I strutted into the new year applying for job after job in far-flung locations around Europe, with my search eventually narrowing to Berlin. As the tech hub of Europe, it was the most likely place to find a job with my background. Anywhere in Germany sounded good. German, the intellectual language, was the one I had always wanted to study. I started teaching myself the basics.
As the months wore on, the rejections felt increasingly devastating. I had countless interviews (one at 3 am) with startups who were intrigued by my background but unsure of my motives. I was clearly overqualified. This was sometimes a polite way of saying old.
Although I might have aged out of startups, I knew that my youthful attitude and appearance sometimes made people forget how old I was. All I had to do was get my foot in the door. Once I did that, I always excelled almost immediately, taking on more and more responsibility until I was promoted to an even better position. At least, that’s the way it usually worked.
But this wasn’t Silicon Valley. And I didn’t even speak German.
What kept me rolling
Years before, Henry’s mother and I had bought our son a gorgeous single-speed bike from Mission Bicycle on Valencia Street. He picked out the colours and components and styling details himself. I had to admit he had great taste. It was a beauty. But he rarely rode it, less and less over time. I didn’t blame him. San Francisco isn’t exactly a safe place to cycle. In the previous decade, I had been hit twice by cars while riding my own bikes. It made me sad to see his bike sit idle.
One day, about a year before my sabbatical, I asked him if I could take it out for a spin. He said yes. That day changed my life.
From then on, I would wake up early every morning and sneak out while my son was still sleeping to go for a ride. I’d crank my way through the morning chill, warming myself up by attacking steep hills, heading west through thick fog on my way to the Pacific Ocean. After cycling north up the coast, I’d admire the hardcore morning surfers in wetsuits at Ocean Beach before turning east into Golden Gate Park, wandering among its many branching paths, through the entirety of the 3-mile-long park.
Golden Gate Park is a splendid and special place, and I was blessed to live right next to it. Buffalo live there. You can rent a rowboat at Stowe Lake. There are multiple museums, a tulip garden next to a windmill, a Japanese Tea Garden, a polo field. You can throw frisbees with hippies, practice fly fishing, shoot arrows at an archery range, admire a fake waterfall, roller skate on Saturdays, dance the lindy on Sundays – the list goes on. It’s one of the most unique parks on the planet. Watching it change throughout the seasons from the saddle of my bike every day that year was one of the great joys of my life.

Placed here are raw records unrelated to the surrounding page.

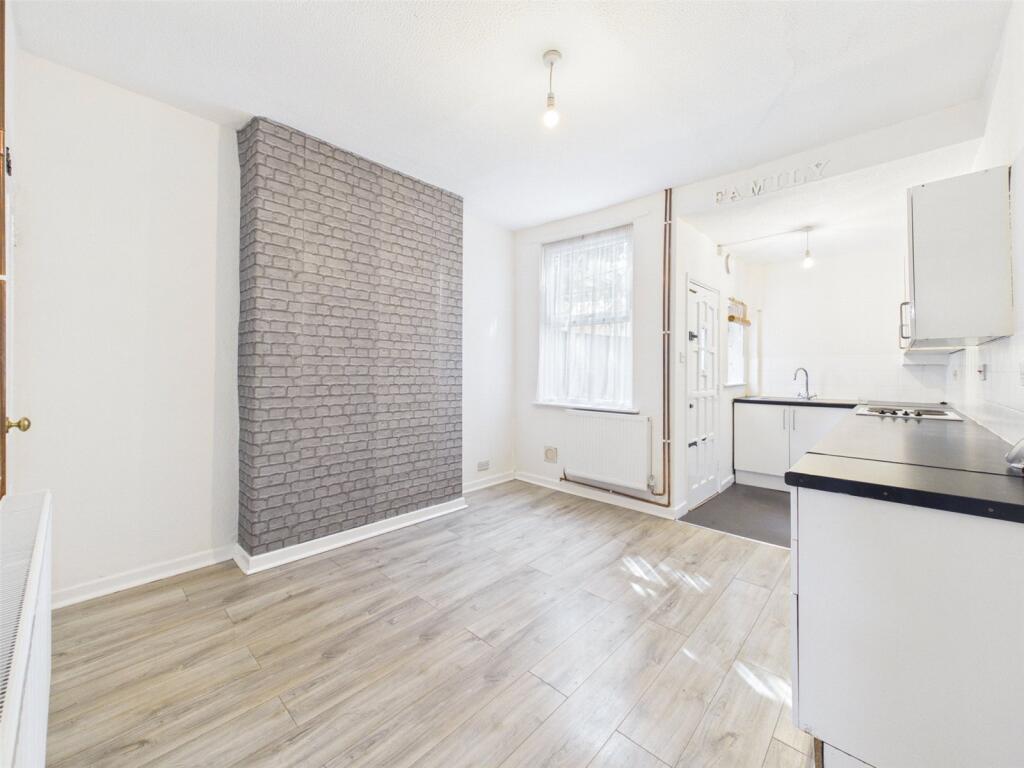 House in Nottingham, Sherwood - View 4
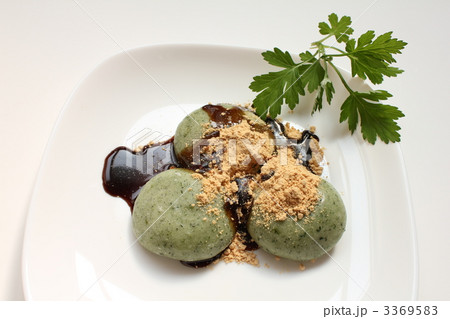 黒みつときなこをかけたよもぎ餅 3369583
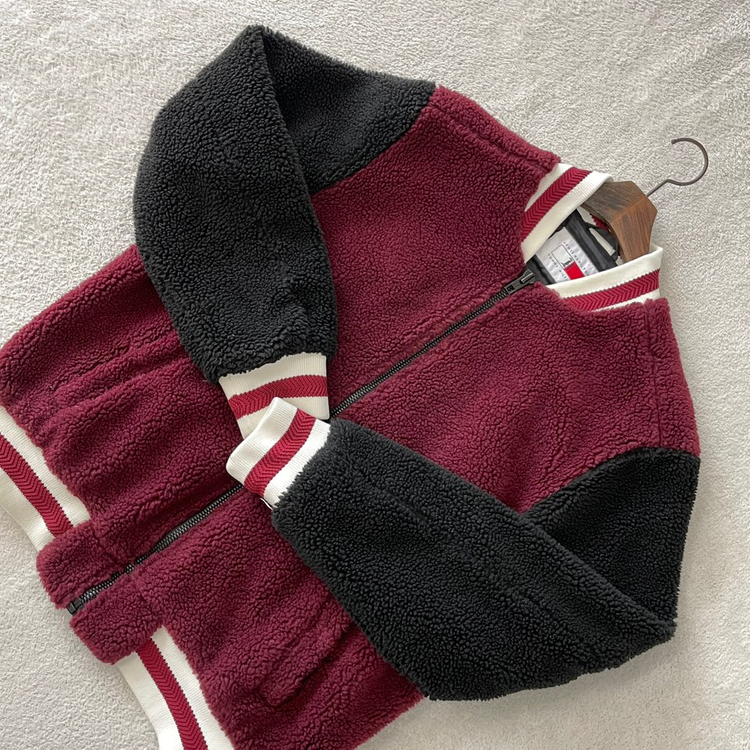 M 타미힐피거 X 루이스해밀턴 후리스 자켓 이미지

I started to imagine what it might be like to ride that same bike throughout Europe.
Sometimes I would turn back home after I rode through the park, but sometimes I just kept going all the way through the city to the bay, stopping at an espresso cart by the Ferry Building and returning through the city on a different route, adding 15km to my usual 20km morning ride. That year, I cycled 4,000 miles (6,500km). I stopped recording distance after that.
I was getting healthier and healthier, stronger and stronger, moving up and down crushingly steep hills without the help of gears. I’ve always been relatively skinny, but I shed more and more weight riding that bike until I weighed less than I had 25 years earlier as a student at university.

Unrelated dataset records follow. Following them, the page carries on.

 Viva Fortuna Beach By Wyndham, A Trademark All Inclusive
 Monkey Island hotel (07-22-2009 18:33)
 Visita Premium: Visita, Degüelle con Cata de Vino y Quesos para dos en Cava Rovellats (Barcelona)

That year, I had the bike to thank for building me up physically, but it also provided time for me to think deeply and strategically about how I wanted to plot my future, for hours at a time with no distractions.
Or rather, I had my son to thank. I offered to buy the bike from him for $500 worth of Bitcoin. He negotiated me up to $600. In the end, he made $3K from that sale as Bitcoin continued to go up, giving me double satisfaction: I bought it twice; first for my son and then from my son. We both got a great deal.
My crypto winnings were proving to be a huge help. But I still needed a job.